There are no repayment obligations. There is no additional financial burden. The company may gain access to savvy investors with expertise and connections. Company health can improve by decreasing debt-to-equity ratio and credit score.

Why might a company choose debt over equity financing? ›

Many fast-growing companies would prefer to use debt to support their growth, rather than equity, because it is, arguably, a less expensive form of financing (i.e., the rate of growth of the business's equity value is greater than the debt's borrowing cost).

What is a good debt-to-equity ratio? ›

Generally, a good debt ratio is around 1 to 1.5. However, the ideal debt ratio will vary depending on the industry, as some industries use more debt financing than others.

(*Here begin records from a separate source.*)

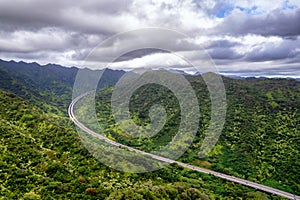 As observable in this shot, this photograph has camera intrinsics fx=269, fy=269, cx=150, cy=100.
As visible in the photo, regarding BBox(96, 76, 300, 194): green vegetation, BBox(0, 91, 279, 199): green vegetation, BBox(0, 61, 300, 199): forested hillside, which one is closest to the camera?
BBox(0, 91, 279, 199): green vegetation

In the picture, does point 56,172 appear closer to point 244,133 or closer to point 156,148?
point 156,148

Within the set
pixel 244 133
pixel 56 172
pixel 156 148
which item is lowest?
pixel 156 148

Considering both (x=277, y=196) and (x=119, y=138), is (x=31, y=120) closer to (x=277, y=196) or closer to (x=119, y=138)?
(x=119, y=138)

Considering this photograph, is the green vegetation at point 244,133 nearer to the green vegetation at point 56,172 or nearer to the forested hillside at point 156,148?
the forested hillside at point 156,148

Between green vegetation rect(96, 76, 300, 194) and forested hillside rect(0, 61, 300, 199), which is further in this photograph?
green vegetation rect(96, 76, 300, 194)

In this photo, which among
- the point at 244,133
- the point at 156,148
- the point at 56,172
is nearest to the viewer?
the point at 56,172

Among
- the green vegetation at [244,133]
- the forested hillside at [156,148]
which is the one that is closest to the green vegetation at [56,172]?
the forested hillside at [156,148]

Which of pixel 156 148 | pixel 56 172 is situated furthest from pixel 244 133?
pixel 56 172

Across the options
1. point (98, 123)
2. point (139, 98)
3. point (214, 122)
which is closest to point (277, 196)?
point (214, 122)

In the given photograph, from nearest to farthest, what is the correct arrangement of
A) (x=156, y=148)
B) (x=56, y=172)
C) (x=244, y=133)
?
1. (x=56, y=172)
2. (x=244, y=133)
3. (x=156, y=148)

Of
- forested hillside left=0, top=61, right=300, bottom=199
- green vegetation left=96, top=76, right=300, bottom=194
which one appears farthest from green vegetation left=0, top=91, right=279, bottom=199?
green vegetation left=96, top=76, right=300, bottom=194

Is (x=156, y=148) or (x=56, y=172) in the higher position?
(x=56, y=172)

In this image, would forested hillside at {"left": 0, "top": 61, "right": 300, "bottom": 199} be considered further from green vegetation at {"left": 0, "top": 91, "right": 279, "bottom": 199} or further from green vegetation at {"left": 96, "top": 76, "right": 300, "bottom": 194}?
green vegetation at {"left": 96, "top": 76, "right": 300, "bottom": 194} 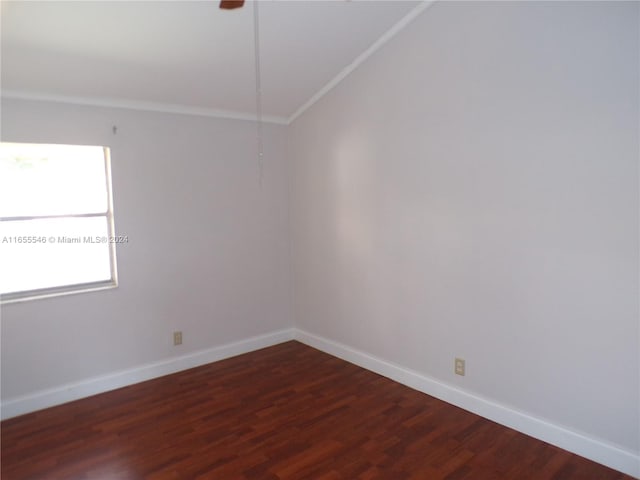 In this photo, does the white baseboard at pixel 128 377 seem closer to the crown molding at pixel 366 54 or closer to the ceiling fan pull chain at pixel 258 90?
the ceiling fan pull chain at pixel 258 90

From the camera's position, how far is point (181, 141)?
3.58m

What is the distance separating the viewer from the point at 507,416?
8.84ft

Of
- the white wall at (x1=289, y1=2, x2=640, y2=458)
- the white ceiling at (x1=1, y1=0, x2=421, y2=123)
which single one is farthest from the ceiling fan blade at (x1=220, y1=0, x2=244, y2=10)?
the white wall at (x1=289, y1=2, x2=640, y2=458)

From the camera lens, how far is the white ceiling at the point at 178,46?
2381mm

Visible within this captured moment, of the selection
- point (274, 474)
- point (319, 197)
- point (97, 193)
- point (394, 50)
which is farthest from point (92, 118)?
point (274, 474)

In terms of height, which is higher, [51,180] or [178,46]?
[178,46]

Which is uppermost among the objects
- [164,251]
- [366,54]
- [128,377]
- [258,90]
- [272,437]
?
[366,54]

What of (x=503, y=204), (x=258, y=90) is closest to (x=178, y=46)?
(x=258, y=90)

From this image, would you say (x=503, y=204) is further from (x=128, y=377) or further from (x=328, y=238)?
(x=128, y=377)

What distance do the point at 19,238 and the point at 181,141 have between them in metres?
1.43

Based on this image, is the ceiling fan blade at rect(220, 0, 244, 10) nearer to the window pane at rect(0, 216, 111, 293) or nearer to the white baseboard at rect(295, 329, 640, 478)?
the window pane at rect(0, 216, 111, 293)

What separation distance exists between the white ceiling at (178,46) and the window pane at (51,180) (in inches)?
17.5

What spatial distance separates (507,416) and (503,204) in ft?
4.59

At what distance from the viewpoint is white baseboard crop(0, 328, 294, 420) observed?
2.96m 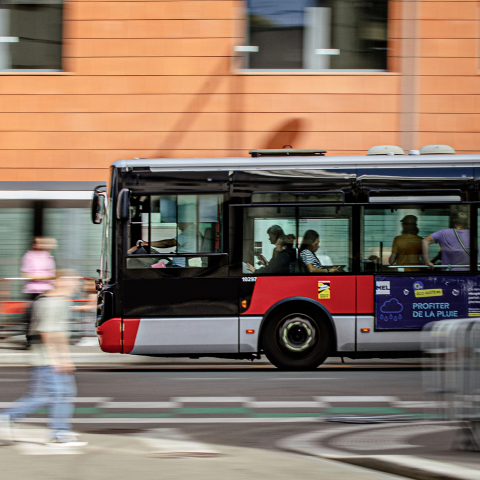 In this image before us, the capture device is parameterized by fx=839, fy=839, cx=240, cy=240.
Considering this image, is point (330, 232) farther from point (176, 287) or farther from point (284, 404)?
point (284, 404)

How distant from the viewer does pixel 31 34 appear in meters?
15.9

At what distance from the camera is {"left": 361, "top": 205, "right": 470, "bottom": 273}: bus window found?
33.6 feet

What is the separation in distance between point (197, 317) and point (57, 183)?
587cm

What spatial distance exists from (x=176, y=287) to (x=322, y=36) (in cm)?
758

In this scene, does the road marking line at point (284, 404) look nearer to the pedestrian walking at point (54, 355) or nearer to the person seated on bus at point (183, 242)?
the pedestrian walking at point (54, 355)

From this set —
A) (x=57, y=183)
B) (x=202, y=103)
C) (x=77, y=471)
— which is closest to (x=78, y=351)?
(x=57, y=183)

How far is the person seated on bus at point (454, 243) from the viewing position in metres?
10.2

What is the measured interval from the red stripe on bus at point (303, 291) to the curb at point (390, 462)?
3856 mm

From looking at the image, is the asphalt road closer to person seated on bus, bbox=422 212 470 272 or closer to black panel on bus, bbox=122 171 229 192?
person seated on bus, bbox=422 212 470 272

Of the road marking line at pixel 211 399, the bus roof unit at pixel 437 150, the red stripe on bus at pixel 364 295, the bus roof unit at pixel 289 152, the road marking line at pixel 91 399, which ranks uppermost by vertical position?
the bus roof unit at pixel 437 150

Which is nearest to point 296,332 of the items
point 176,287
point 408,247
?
point 176,287

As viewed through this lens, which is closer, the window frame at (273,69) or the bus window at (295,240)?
the bus window at (295,240)

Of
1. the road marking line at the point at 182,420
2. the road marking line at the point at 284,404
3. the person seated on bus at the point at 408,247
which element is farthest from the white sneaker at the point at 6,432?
the person seated on bus at the point at 408,247

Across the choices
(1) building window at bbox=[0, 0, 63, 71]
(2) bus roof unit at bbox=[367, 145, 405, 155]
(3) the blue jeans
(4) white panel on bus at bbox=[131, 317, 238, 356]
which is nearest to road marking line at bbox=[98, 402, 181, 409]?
(3) the blue jeans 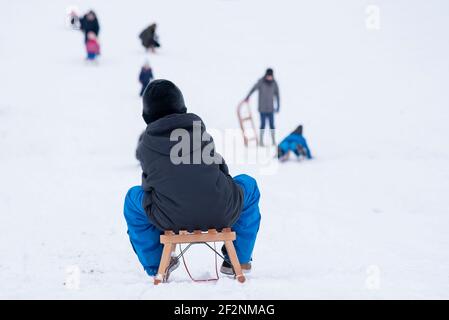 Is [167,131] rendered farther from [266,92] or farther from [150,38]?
[150,38]

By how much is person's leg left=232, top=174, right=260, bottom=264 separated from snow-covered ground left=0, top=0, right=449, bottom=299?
0.77 feet

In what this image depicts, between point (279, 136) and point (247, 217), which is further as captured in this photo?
point (279, 136)

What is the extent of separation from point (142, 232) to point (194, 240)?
35cm

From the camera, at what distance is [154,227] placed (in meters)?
2.59

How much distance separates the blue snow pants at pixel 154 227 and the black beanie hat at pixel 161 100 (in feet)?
1.44

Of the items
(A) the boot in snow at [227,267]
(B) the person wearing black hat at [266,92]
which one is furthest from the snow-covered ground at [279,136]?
(B) the person wearing black hat at [266,92]

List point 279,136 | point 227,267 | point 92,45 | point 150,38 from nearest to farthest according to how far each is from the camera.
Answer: point 227,267
point 279,136
point 92,45
point 150,38

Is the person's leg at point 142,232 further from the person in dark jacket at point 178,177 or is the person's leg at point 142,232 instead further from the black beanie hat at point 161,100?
the black beanie hat at point 161,100

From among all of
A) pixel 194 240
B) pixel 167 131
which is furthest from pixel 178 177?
pixel 194 240

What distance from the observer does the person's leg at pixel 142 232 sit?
252 cm

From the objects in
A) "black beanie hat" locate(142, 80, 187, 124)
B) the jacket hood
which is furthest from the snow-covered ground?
"black beanie hat" locate(142, 80, 187, 124)

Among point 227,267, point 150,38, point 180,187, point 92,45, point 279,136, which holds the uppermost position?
point 150,38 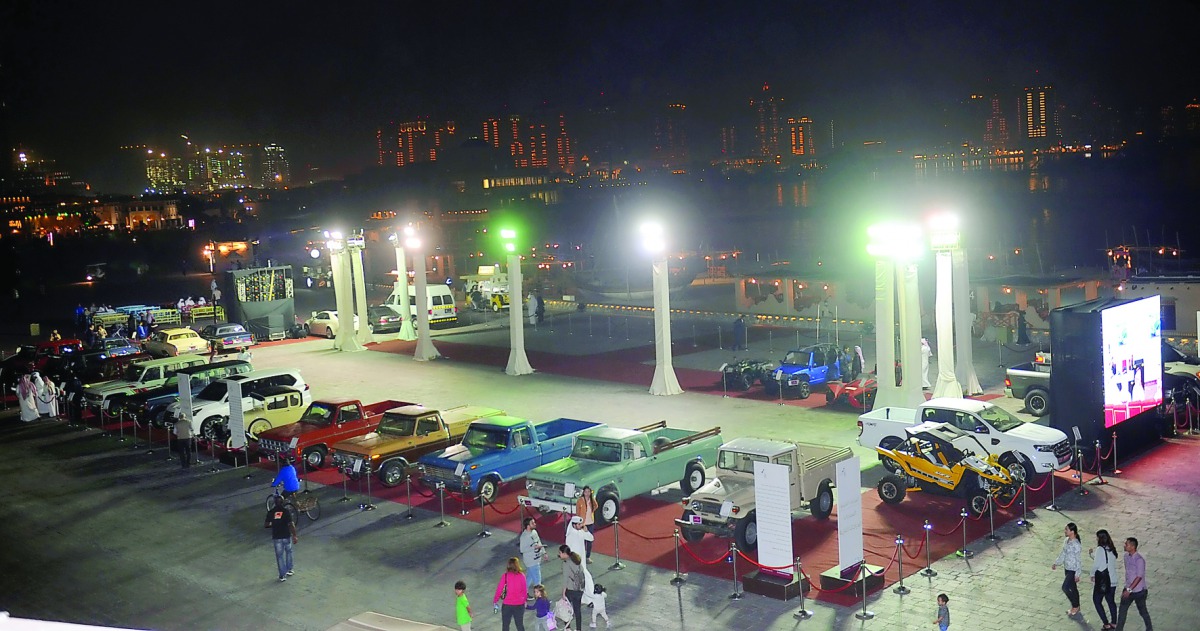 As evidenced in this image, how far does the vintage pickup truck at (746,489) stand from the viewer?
15117 millimetres

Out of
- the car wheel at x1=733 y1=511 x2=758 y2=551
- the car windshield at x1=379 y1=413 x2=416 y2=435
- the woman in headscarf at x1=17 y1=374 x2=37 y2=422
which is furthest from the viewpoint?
the woman in headscarf at x1=17 y1=374 x2=37 y2=422

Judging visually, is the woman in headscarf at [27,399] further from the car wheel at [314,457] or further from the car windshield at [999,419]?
the car windshield at [999,419]

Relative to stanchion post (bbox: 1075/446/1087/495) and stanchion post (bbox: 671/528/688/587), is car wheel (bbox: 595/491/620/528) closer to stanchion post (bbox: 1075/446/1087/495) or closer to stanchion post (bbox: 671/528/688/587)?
stanchion post (bbox: 671/528/688/587)

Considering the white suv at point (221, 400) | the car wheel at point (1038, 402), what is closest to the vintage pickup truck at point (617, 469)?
the car wheel at point (1038, 402)

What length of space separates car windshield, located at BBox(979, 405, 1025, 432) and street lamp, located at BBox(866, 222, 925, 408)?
15.3 feet

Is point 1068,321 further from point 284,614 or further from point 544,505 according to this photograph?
point 284,614

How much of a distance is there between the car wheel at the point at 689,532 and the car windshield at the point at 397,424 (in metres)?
7.17

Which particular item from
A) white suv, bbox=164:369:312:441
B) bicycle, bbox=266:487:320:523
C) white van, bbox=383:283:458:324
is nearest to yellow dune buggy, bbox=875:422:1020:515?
bicycle, bbox=266:487:320:523

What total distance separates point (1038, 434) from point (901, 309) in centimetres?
642

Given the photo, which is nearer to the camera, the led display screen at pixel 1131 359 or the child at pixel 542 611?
the child at pixel 542 611

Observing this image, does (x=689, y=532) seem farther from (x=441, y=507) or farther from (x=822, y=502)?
(x=441, y=507)

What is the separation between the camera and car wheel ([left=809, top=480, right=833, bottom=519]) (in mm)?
16703

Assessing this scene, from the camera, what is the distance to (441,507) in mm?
Answer: 17984

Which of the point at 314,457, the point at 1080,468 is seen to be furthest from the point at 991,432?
the point at 314,457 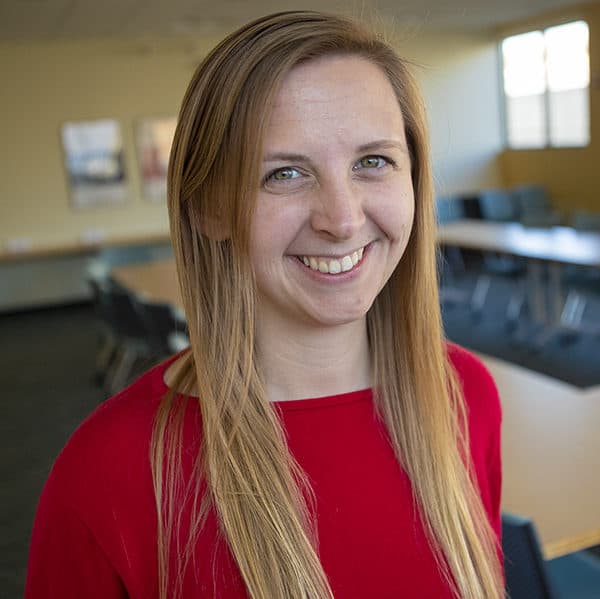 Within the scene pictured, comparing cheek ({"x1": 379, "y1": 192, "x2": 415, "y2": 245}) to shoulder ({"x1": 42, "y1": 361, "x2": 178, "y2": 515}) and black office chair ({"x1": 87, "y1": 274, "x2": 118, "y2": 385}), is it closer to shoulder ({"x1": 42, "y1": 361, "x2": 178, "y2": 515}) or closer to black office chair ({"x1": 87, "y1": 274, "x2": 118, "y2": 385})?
shoulder ({"x1": 42, "y1": 361, "x2": 178, "y2": 515})

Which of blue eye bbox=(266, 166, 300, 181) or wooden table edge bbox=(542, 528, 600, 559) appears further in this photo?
wooden table edge bbox=(542, 528, 600, 559)

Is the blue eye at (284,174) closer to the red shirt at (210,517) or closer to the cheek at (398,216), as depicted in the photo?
the cheek at (398,216)

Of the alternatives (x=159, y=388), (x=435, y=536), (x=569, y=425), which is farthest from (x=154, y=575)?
(x=569, y=425)

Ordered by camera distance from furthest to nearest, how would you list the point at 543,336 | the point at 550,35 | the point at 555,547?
the point at 550,35
the point at 543,336
the point at 555,547

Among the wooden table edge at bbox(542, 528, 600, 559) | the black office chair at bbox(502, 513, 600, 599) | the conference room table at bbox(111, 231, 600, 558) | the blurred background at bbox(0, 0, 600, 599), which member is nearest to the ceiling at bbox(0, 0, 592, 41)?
the blurred background at bbox(0, 0, 600, 599)

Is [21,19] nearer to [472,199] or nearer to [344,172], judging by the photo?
[472,199]

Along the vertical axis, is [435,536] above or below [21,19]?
below

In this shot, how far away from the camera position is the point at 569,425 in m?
2.69

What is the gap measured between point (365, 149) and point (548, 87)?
1132 centimetres

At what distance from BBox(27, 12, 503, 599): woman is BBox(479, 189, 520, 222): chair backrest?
33.1ft

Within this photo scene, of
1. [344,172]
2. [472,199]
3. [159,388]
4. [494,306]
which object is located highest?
[344,172]

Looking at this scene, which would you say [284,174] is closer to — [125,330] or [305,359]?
[305,359]

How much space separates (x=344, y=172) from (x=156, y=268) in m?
6.43

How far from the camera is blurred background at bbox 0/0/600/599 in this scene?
21.7 ft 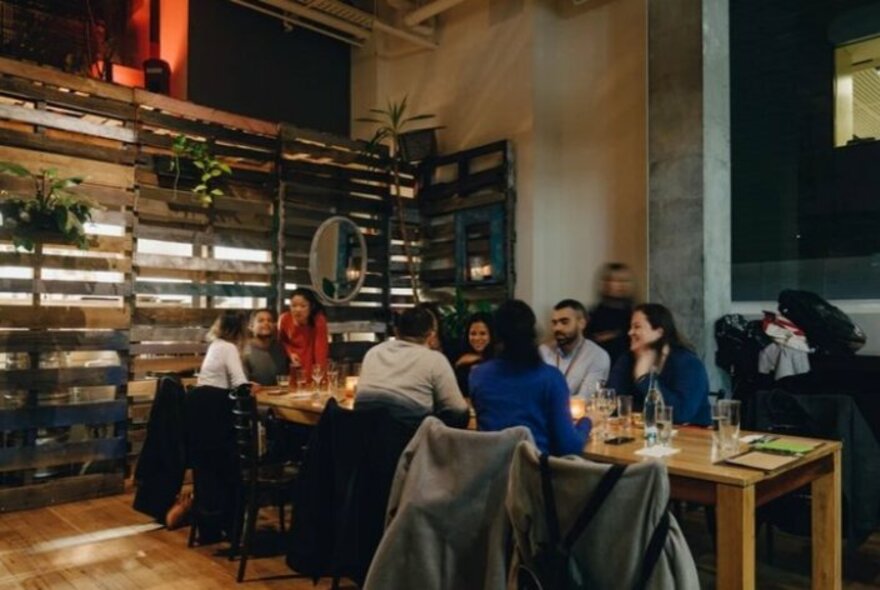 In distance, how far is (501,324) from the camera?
2.60 m

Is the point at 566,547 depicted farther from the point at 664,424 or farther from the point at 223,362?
the point at 223,362

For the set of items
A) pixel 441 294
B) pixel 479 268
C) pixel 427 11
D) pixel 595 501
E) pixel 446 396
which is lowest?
pixel 595 501

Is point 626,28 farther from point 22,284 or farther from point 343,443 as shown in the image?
point 22,284

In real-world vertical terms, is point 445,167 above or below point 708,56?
below

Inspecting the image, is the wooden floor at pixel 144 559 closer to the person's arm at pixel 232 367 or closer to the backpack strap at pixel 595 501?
the person's arm at pixel 232 367

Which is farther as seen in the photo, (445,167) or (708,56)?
(445,167)

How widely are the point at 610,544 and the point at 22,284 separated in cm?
424

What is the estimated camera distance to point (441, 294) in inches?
265

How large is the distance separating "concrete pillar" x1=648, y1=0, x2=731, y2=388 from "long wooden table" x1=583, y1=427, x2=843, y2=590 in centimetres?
221

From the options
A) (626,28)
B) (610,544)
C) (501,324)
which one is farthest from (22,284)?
(626,28)

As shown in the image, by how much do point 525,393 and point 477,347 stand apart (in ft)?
7.45

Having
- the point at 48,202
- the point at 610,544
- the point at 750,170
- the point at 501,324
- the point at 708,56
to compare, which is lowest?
the point at 610,544

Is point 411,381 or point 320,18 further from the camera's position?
point 320,18

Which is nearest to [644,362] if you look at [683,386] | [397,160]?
[683,386] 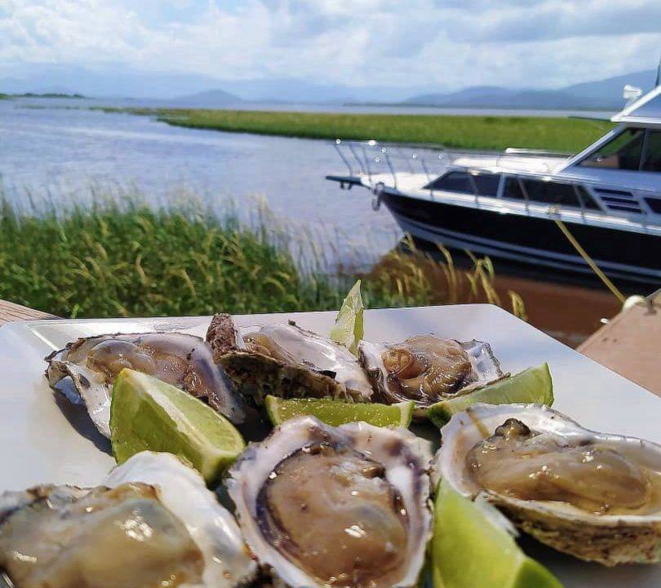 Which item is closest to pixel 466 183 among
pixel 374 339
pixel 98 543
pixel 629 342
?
pixel 629 342

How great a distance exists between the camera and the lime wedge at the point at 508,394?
1209mm

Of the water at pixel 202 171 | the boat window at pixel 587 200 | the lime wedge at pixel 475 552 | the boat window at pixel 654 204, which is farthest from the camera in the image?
the water at pixel 202 171

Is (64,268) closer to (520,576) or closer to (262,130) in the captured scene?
(520,576)

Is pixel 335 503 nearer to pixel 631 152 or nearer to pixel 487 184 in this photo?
pixel 631 152

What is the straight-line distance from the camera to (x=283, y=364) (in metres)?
1.23

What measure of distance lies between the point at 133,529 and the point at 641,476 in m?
0.74

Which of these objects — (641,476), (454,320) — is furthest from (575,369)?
(641,476)

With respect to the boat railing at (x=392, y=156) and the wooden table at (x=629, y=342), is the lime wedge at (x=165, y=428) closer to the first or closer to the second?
the wooden table at (x=629, y=342)

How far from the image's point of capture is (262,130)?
87.5 feet

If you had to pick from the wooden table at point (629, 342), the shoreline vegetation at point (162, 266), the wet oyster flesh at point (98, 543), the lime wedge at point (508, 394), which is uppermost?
the wet oyster flesh at point (98, 543)

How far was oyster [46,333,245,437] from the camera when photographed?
1.19m

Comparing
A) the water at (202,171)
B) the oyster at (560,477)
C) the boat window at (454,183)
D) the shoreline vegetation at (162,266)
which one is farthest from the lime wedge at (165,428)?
the boat window at (454,183)

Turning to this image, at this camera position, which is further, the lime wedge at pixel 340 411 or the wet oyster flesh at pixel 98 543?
the lime wedge at pixel 340 411

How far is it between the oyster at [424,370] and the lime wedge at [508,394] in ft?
0.13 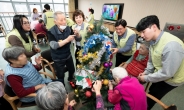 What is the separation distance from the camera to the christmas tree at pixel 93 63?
97 cm

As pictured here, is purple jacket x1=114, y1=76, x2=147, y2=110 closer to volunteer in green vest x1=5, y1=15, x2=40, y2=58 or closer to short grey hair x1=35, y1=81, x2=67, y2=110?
short grey hair x1=35, y1=81, x2=67, y2=110

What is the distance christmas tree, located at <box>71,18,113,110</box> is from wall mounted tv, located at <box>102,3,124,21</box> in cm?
354

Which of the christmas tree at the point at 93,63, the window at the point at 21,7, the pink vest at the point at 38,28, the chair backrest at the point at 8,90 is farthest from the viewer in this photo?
the window at the point at 21,7

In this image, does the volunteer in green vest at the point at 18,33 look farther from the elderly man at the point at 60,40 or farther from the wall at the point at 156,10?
the wall at the point at 156,10

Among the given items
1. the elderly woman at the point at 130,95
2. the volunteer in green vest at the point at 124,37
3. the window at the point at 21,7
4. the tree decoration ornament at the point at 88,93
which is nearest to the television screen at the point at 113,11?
the volunteer in green vest at the point at 124,37

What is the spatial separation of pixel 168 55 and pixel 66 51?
130cm

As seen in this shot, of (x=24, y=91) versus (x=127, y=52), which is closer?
(x=24, y=91)

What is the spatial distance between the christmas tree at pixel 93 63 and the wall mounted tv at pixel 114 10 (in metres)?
3.54

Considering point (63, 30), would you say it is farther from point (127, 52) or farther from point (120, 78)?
point (127, 52)

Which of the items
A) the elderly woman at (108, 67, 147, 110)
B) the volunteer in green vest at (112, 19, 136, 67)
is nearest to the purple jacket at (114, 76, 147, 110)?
the elderly woman at (108, 67, 147, 110)

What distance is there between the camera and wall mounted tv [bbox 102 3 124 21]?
13.3 feet

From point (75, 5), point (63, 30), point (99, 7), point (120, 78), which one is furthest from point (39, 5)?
point (120, 78)

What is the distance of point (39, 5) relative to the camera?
6.75 meters

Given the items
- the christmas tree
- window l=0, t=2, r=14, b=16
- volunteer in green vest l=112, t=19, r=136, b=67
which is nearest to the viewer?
the christmas tree
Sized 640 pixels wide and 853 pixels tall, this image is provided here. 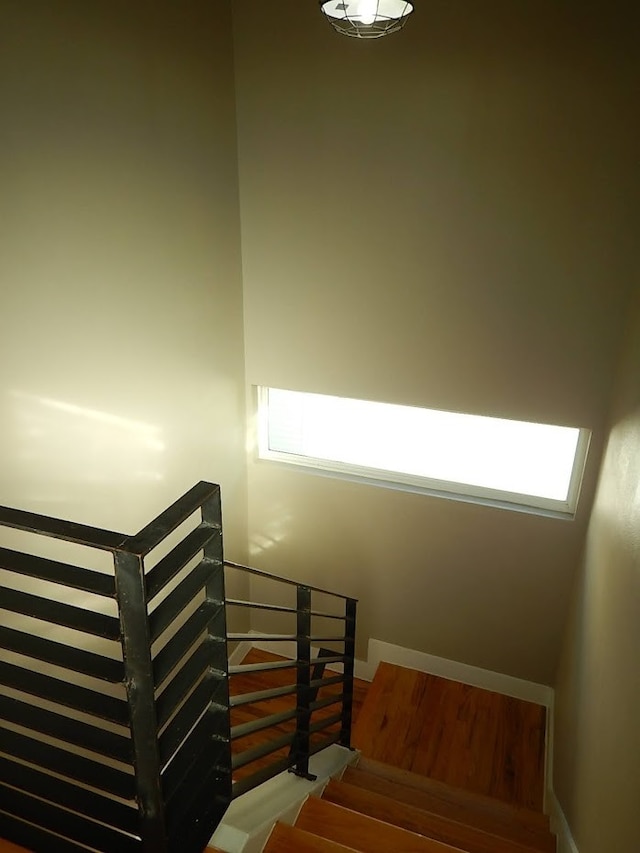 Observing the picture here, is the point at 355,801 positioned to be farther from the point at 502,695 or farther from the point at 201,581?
the point at 201,581

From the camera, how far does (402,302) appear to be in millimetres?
3133

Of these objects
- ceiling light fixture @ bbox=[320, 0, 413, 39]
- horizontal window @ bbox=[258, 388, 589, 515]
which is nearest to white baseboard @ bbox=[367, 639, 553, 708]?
horizontal window @ bbox=[258, 388, 589, 515]

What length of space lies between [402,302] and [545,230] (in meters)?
0.73

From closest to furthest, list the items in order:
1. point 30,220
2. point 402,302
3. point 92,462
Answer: point 30,220 < point 92,462 < point 402,302

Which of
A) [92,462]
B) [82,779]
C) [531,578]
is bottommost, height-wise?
[531,578]

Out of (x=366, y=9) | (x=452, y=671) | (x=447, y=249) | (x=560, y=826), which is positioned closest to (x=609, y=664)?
(x=560, y=826)

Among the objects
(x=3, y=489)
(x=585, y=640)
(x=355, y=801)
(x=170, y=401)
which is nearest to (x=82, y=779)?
(x=3, y=489)

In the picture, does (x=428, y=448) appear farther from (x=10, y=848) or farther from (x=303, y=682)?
(x=10, y=848)

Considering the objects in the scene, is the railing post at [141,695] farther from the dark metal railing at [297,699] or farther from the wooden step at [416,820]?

What factors the company would have to take into account when choosing between debt or equity as a form of long term ›

In deciding between debt and equity financing, small-business owners should consider a few factors. These include the desired level of control, the financial situation and health of the business, the growth potential, and the cost of debt versus the percentage of ownership given up in equity financing.

What do lenders prefer debt-to-equity to be? ›

Financial experts generally consider a debt-to-equity ratio of one or lower to be superb. Because a low debt-to-equity ratio means the company has low liabilities compared to its equity , it's a common characteristic for many successful businesses. This usually makes it an important goal for smaller or new businesses.